Idol group Panda Boys's debut in Chengdu on Friday. Photo: Sina Weibo

The debut of the Panda Boys, a new idol group formed by young Chinese boys all under 10 years old, on Friday has become the target of criticism on Chinese social media, prompting the band's agency to issue a statement on Saturday that netizens described as "sugar coating."  

The extremely young boy band's debut swiftly became a trending topic on China's Twitter-like Sina Weibo, with many netizens expressing concerns that while the boys - the youngest 7 years old - may be are gifted in music and dance, they still are too young to be thrown into the complicated arena- the entertainment industry.  

"Does this suggest that the next boy group that debuts has to include children in a nursery?" posted one netizen on Sina Weibo. 

The mountain of criticism may have been too much as the group's agency Asia Starry Sky Group issued a response on Sina Weibo on Saturday. Besides describing itself as a "children's education explorer that is full of passion," the agency also clarified that the company does not treat the young boys as "money-making tools" and that it requires the members to prioritize their studies over band training. 

Even though the statement attempted to address netizens' concerns, due to the agency's business nature and the fact that it has signed up school-age boys, discontented netizens said that while the company has "sugar coated" its intentions to make money, they believe the boys will likely be "exploited" because "young idol" is another word for "profit" in the current idol industry.   

"The extreme success of TFBoys alerted those who want to make money in the idol industry that they need to focus on young idols. It sounds absurd to me that the company claims it does not want to make money off of them. The act of choosing children who are even younger than teenagers to me shows that the agency is seeking out variety and gambling on a new route in the young idol market now that there are more and more bands like TFBoys being developed," Max Xiao, an industry insider, told the Global Times on Sunday, referring to China's most successful teenage boy group TFBoys, whose members debuted at the young age of 12-13. 

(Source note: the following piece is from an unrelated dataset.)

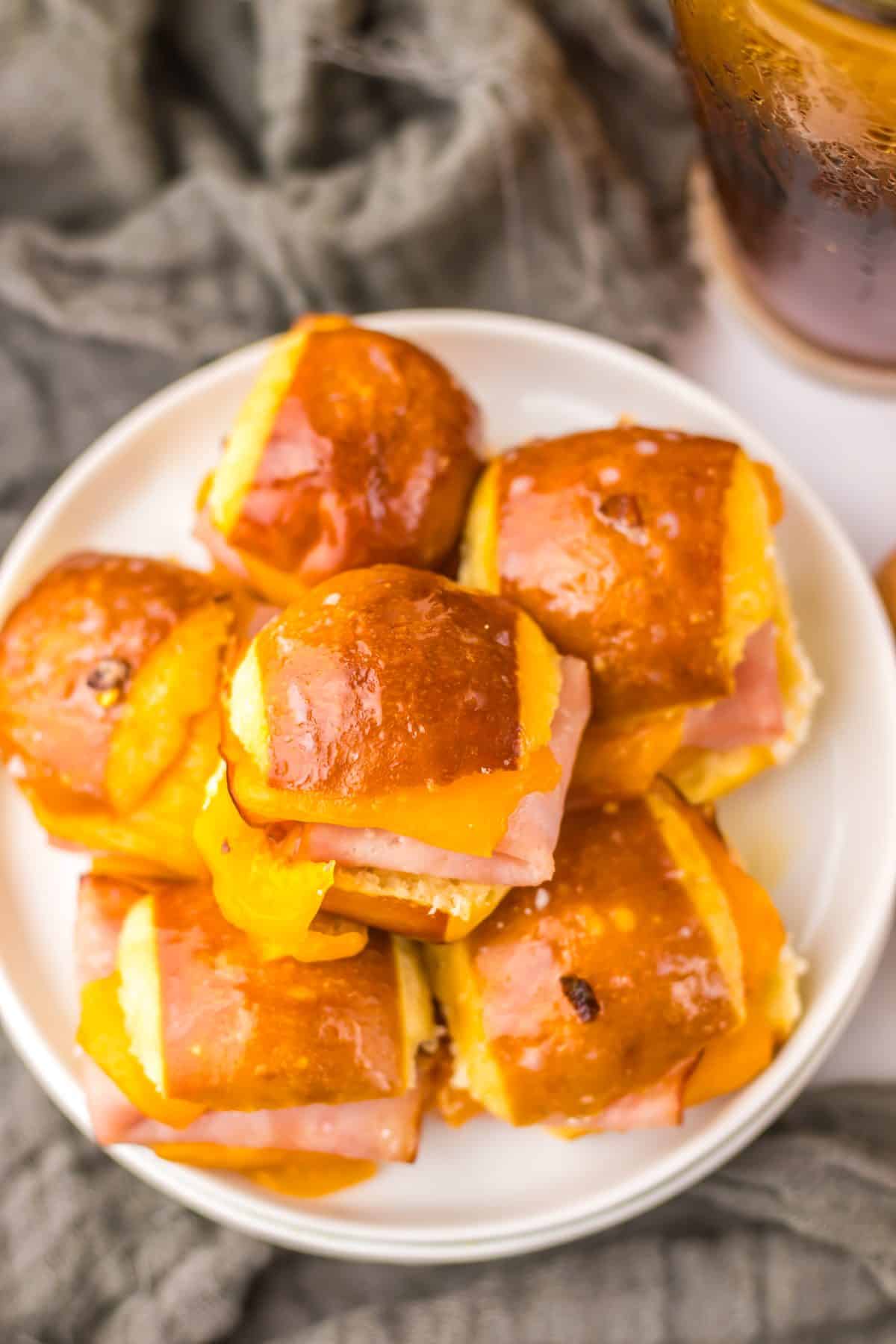 hot honey ham and cheese pretzel sliders piled high on a small white appetizer plus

Other netizens called for young idols to focus more on education and reject the idea that an idol can just be good-looking performers who are good at putting on shows but lack culture. 

"My son is talented in drums, and told me that he wanted to become a star one day. But, I would not encourage him to chase fame when he doesn't know what it is. I would never take his childhood and the right to study away from him to make him an 'adult child' to fulfill my vanity and get compliments from others," Wang Xun, the mother to an 11-year-old boy in Chengdu, told the Global Times on Sunday.  

"As music fans, we should stop giving these young idols a crazy amount of attention so that the industry can calm down. We should follow quality stars so as to raise the bar for the industry," Cherry Xu, an idol fan, told the Global Times. 

On Tuesday, the young idol band's agency Asia Starry Sky Group stunned netizens by announcing that the group that had just debuted on Friday had been officially disbanded.